Areas for Improvement
Enhanced Navigation Strategies
- Better handling of dynamic content
- Support for more complex interaction patterns
- Improved SPA navigation detection
Vision Capabilities
- Better element recognition
- Support for more complex visual patterns
- Improved decision making based on visual context
Error Handling
- More robust recovery strategies
- Better handling of timeouts and failures
- Improved logging and debugging capabilities
Performance Optimization
- Reduce memory usage
- Improve screenshot handling
- Better resource cleanup
How to Contribute
Fork the Repository
git clone https://github.com/GPT-Protocol/airas-agent.git cd airas-agent
Install Dependencies
npm install
If you encounter peer dependency issues during installation, you can use the legacy peer deps flag:
npm install --legacy-peer-deps
This may be necessary due to some packages having strict peer dependency requirements.
Create a Branch
git checkout -b feature/your-feature-name
Make Your Changes
- Write clean, commented code
- Follow existing code style
- Add tests if possible
- Update documentation as needed
Test Your Changes
npm run dev
Submit a Pull Request
- Provide a clear description of your changes
- Link any related issues
- Include screenshots if relevant
Development Guidelines
Code Style
- Use TypeScript
- Follow existing patterns
- Add appropriate comments
- Use meaningful variable names
Testing
- Test with different websites
- Verify error handling
- Check edge cases
- Document any limitations
Documentation
- Update README if needed
- Document new features
- Add inline comments
- Update configuration examples
Project Status
This is an experimental project in its early stages.

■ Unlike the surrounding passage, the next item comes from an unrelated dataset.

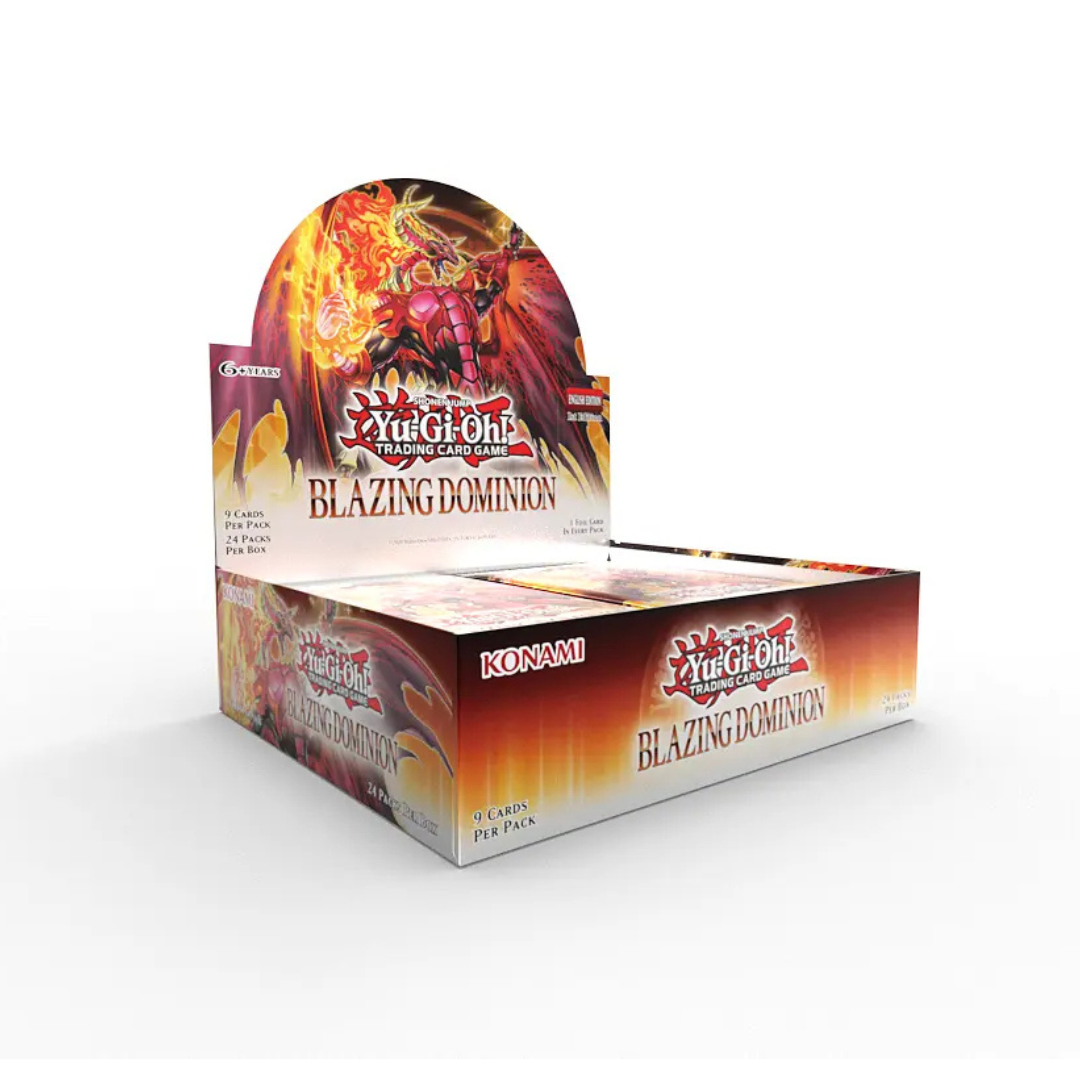 Blazing Dominion Display - Sprachauswahl - Yugioh - Vorbestellerrabatt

The current implementation provides basic autonomous web navigation capabilities, but there's significant room for improvement. We're releasing it in this state to:
- Gather community feedback
- Identify key areas for improvement
- Allow early adopters to experiment and contribute
- Build a foundation for more advanced features
If you're interested in contributing or have ideas for improvements, please:
- Open an issue to discuss your ideas
- Submit pull requests with improvements
- Share your use cases and feedback
- Join the discussion in GitHub issues
Future Plans
With sufficient community interest, we plan to add:
- More sophisticated navigation strategies
- Better visual understanding capabilities
- Additional browser automation features
- Improved error recovery
- Better performance and reliability
- Extended documentation and examples
Your contributions and feedback are welcome and appreciated!